I cast the vote that dare not speak its name: so shoot me, I voted Nader.
But my shame is not in electing George W. I'm more nagged by an
unflattering parallel between Nader's campaign and the 1988 run for President
by that Bible-banging, sticky-fingered televangelist Pat Robertson.

When Reverend Pat launched his campaign for the Republican nomination 12
years ago, he announced an extraordinary endorsement --- GOD had asked him to
run. With the Supreme Being as his campaign strategist, I asked Robertson
last year, "how did you lose?" Robertson grinned, and his reply was far more
brilliant than anything I've heard from Nader this year. "I was called
to RUN," Robertson said, "not WIN." Out of his losing campaign, Robertson
reminded me that he built a mailing list of 10 million Presbyterian-hating
zealots and a huge political organization, The Christian Coalition. This
year, the Christain Coalition savaged John McCain and anointed Bush, proving
it's power of veto in Republican party nominations.

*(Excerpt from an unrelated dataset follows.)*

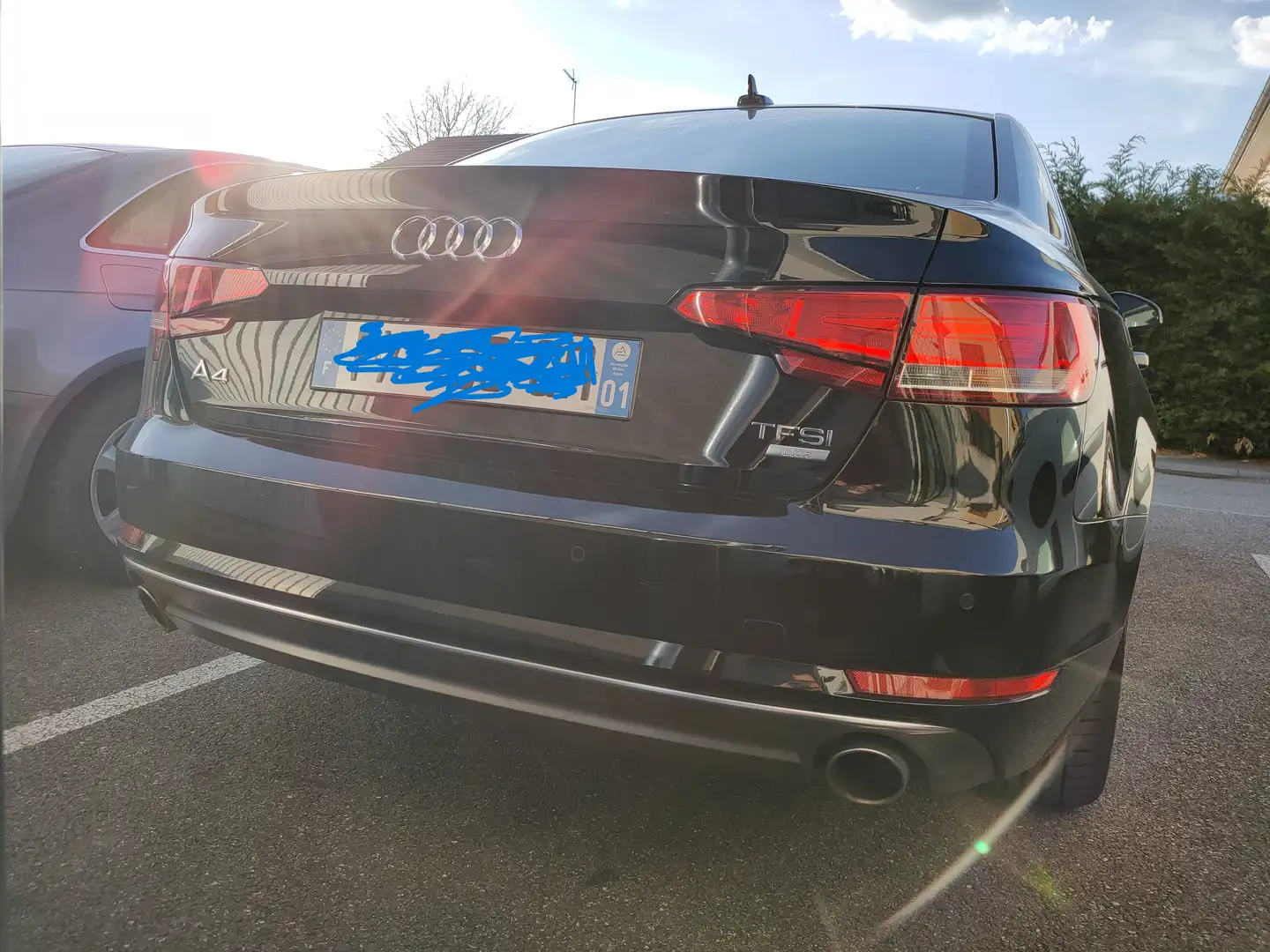 Audi A4 2.0 TFSI Ultra Noir - 2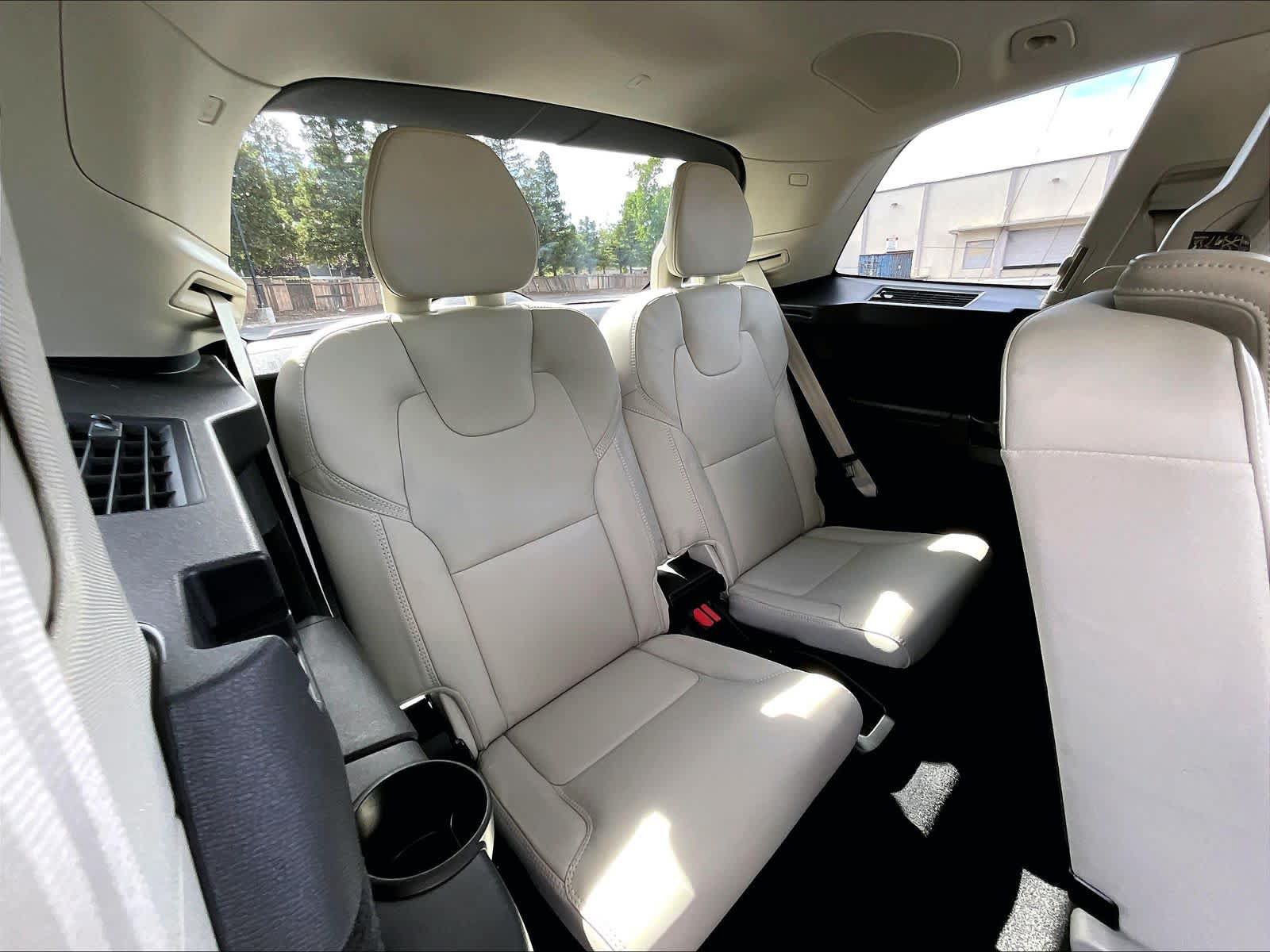 Used 2023 Volvo XC90 T8 Ultimate AWD/4WD image 31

Now that's real power. Robertson used his presidential campaign, not to
get elected, but to build a MOVEMENT. That's what Nader promised too ---
that his candidacy will build an on-going anti-corporate alliance to last beyond
the November 7 election. But, like all the other hack politicians, Nader
just didn't deliver.

Nader's become too cool, too loosey-goosey for the real job at hand. He
had just a bit too much fun making fun of Big Business' toy boys, Gore and
Bush, to bother with the tough work of building that permanent membership
platform that today makes Robertson's phalanx such a holy terror. As to
building a third party, Nader barely acknowledged the Greens until the
campaign's end; he just rode their nomination like an electoral surfboard.

I don't get it. If I ever loved a man, it's Ralph. The guy has launched
over a hundred organizations which have turned American politics on its head.

But my love for Nader dare not speak its name to those in the trenches ---
African-Americans, union organizers, teacher's scared witless over Bush's
plan to privatize schools --- who did not have the luxury of spending their
vote on a protest ticket to nowhere.

For Americans who dissent from the New World Order, Nader's our Pied
Piper. Now we have to ask Nader if he's chasing the rats out of US politics
or just leading our children away into the forest of political oblivion.